Il romanzo contiene un messaggio che, probabilmente, nella versione cinematografica è stato difficile trasmettere.... In effetti penso che tramite immagini, al pubblico arrivi prima il messaggio di violenza.
Io consiglierei proprio a chi come te ha visto il film di tentare una lettura del romanzo per capire se il messaggio che riesce a trasmettere la pellicola possa essere lo stesso che burgess ha voluto affidare al suo lavoro!
Concordo assolutamente con il tuo giudizio sul tema della violenza......infatti non guardo mai film del genere...
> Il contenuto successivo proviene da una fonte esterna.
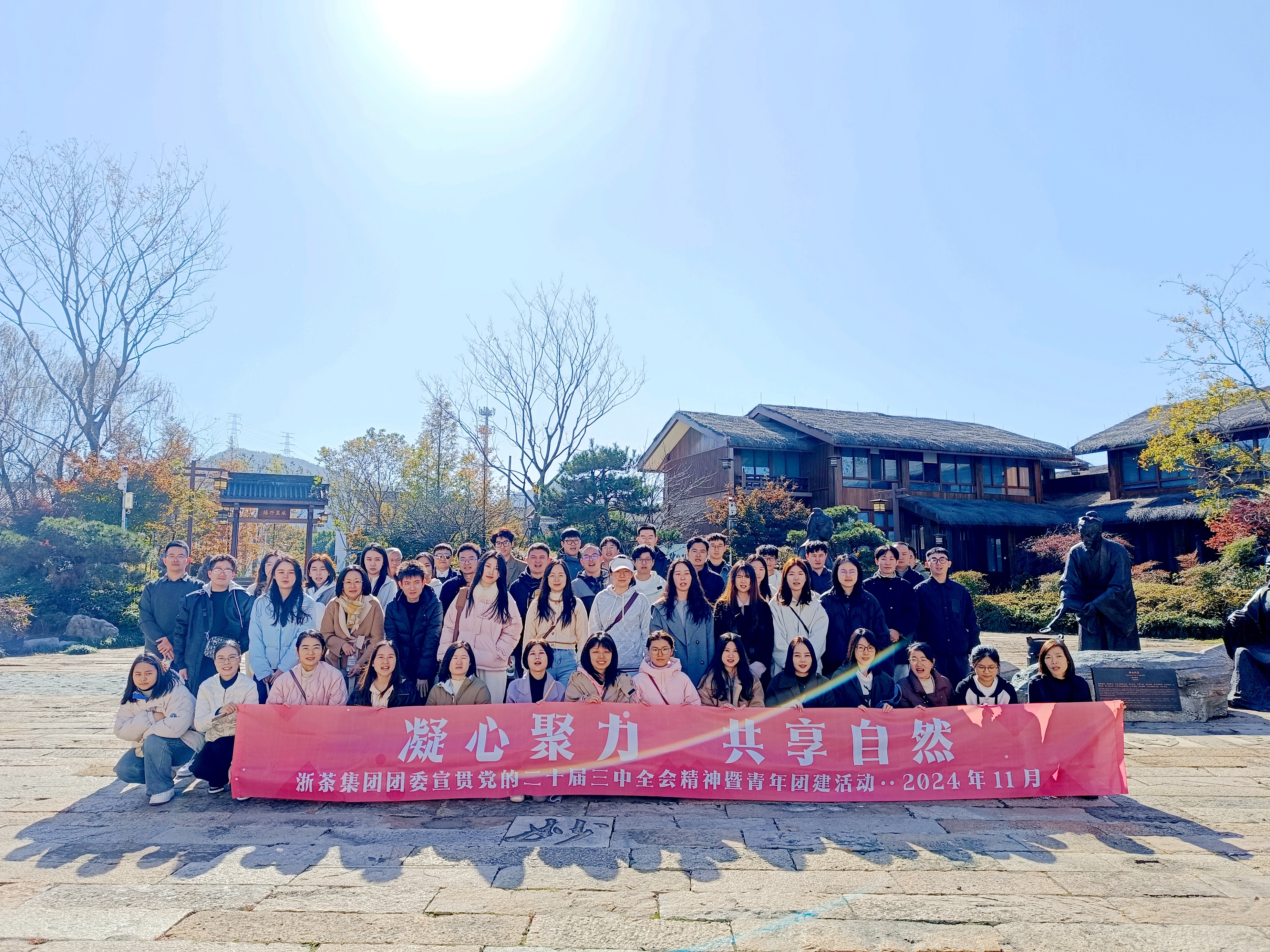 ľȻӮVWINίչѧϰᵳĶʮȫᾫŽ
ma ci tenevo a leggere questo romanzo oramai datato e l'ho apprezzato fortunatamente!
Scusa l'intrusione. :-)
Cosa pensi dell'ultimo capitolo la cui aggiunta è stata causa di molte discussioni?
Il film secondo me invece è reso molto bene e al pari del libro si evince che non è violenza fine a se stessa, ma un mezzo per portare all'attenzione dello spettatore/lettore quei messaggi profondi che hai evidenziato nella tua recensione. Certo l'impatto delle immagini sul breve è più forte di quello delle parole ma se fossi in te proverei dare una chance al film
Ho letto a posteriori che l'ultimo capitolo è stato aggiunto in seguito, e se devo dire il vero....qualcosina si percepisce, tuttavia non mi sembra un finale avulso da tutto il resto del contesto.....anche se immagino che parte della critica possa averlo interpretato come "un passetto indietro", ehmmmm e qua mi fermo..
molto interessante anche il tuo commento, poichè fai parte della schiera che ha visto il film.....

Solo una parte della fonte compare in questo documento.